Rom – Eine richtungweisende „Ära Benedikt“ ist es nicht geworden. Dafür war die Zeit des Joseph Ratzinger auf dem Stuhl Petri denn doch zu kurz und ein klarer Reformwille nicht zu sehen. Knapp acht Jahre regierte der Deutsche als Nachfolger des populären Johannes Paul II. die katholische Weltkirche. Dies gilt in der Zeitrechnung des Vatikans bereits nicht mehr nur als Zwischenspiel.

Der Bayer aus Marktl am Inn wird den Gläubigen trotz der Kürze seines Pontifikats in Erinnerung bleiben als einer, der das Gesicht seiner Kirche immens geprägt hat. Denn vor seiner von Krisen geschüttelten Zeit als Papst Benedikt XVI. war er über 20 Jahre lang als Kardinal Joseph Ratzinger „oberster Glaubenshüter“ der Kirche. Auch das Bild bleibt: Benedikt, der sich 2010 dem üblen Missbrauchsskandal der Kirche gestellt hat. Zwei Jahre später traf ihn die „Vatileaks“-Krise um veruntreute Dokumente von seinem Tisch.

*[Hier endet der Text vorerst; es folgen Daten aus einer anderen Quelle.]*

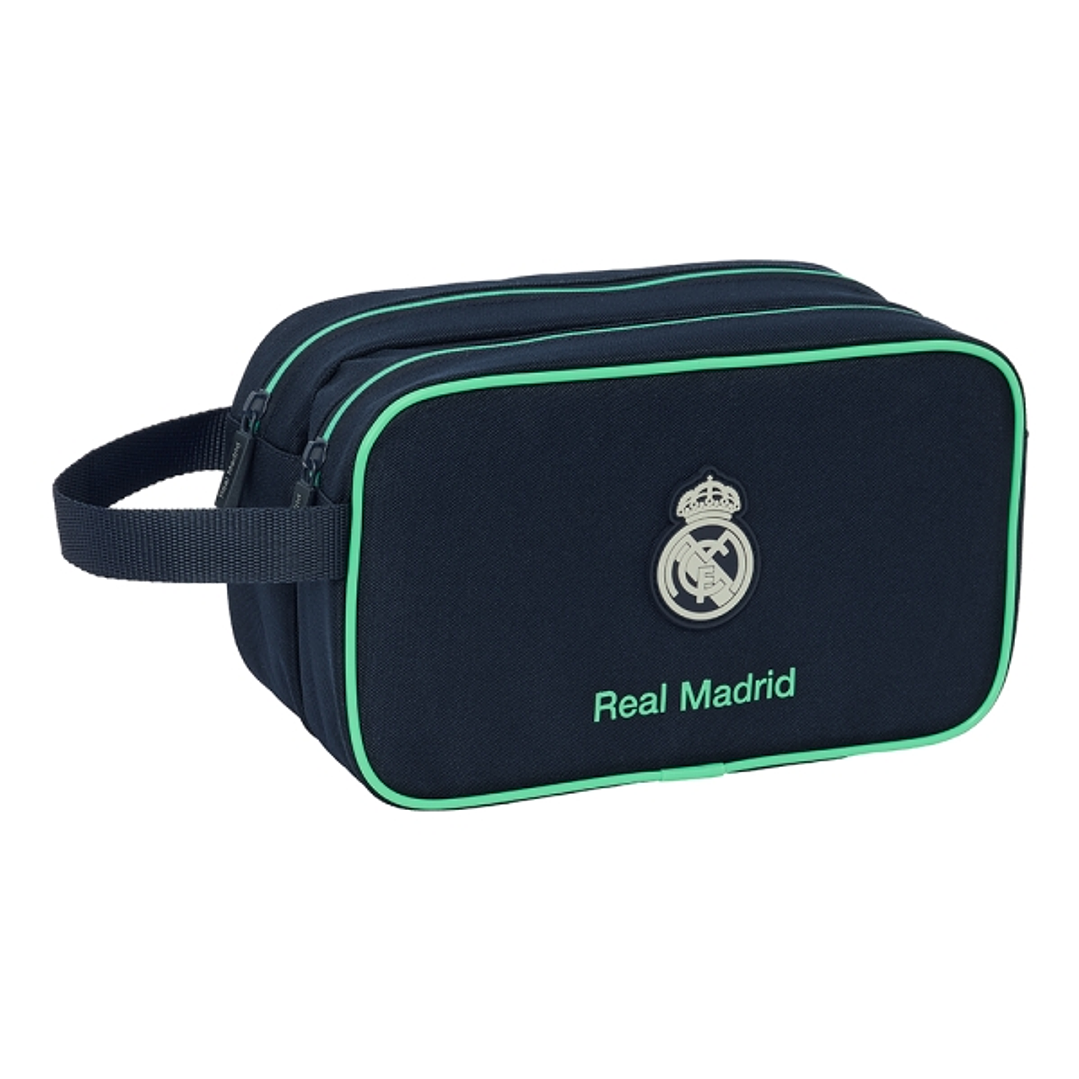 Safta Real Madrid 2ª Equipacion 25/26 Neceser de 5L - 2 Compartimentos con Cremallera - Asa Lateral - Adapatable a Carro - 260x125x150mm - Color Azul  1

Der mächtige Mann hinter Johannes Paul II.

Es ist ein Wechselbad der Gefühle: In den römischen Nieselregen mischt sich am 19. April 2005 weißer Rauch aus einem vatikanischen Schornstein. Zweieinhalb Wochen zuvor hatten Millionen Gläubige den charismatischen polnischen Pontifex beweint, ihren Johannes Paul II., gestorben 84-jährig nach einem schlimmem Leiden. Nun tritt abends im päpstlichen Gewand derjenige auf den Balkon des Petersdomes, der fast ein Vierteljahrhundert lang der mächtigste Mann hinter Karol Wojtyla war: Die Kardinäle haben im Konklave Joseph Ratzinger drei Tage nach seinem 78. Geburtstag an die Spitze der katholischen Kirche gewählt. Ein deutsches Boulevardblatt titelt stolz: „Wir sind Papst.“ Doch wie würde Joseph Ratzinger, zuvor strenger Präfekt in Rom, das Schiff lenken?

Jahre später waren die Gefühle – gelinde gesagt – gemischt. Jener bayerische Theologieprofessor, der gar nicht Papst werden wollte, hatte mit seiner freundlichen und zurückhaltenden Art zunächst die Masse der Gläubigen in seinen eher unspektakulären Bann gezogen. Dann sorgten kritische Worte dieses brillanten Denkers, der für sich den Papstnamen Benedikt XVI. gewählt hatte, für Aufruhr bei Muslimen.

Pannen verschlimmern die kirchliche Krise

Kommunikationspannen des Vatikans verschlimmerten die Krise rund um die Wiederannäherung Roms an die erzkonservativen Pius-Brüder mit dem Holocaustleugner Richard Williamson. Später verbreiterte das häppchenweise Aufdecken sexuellen Missbrauchs die Kluft zwischen der Kirche und den Gläubigen – und das beileibe nicht nur in Deutschland. In dieser tiefsten Krise seiner Kirche seit langem beklagte er die „Sünde in der Kirche“, bat um Vergebung und forderte „Null Toleranz“.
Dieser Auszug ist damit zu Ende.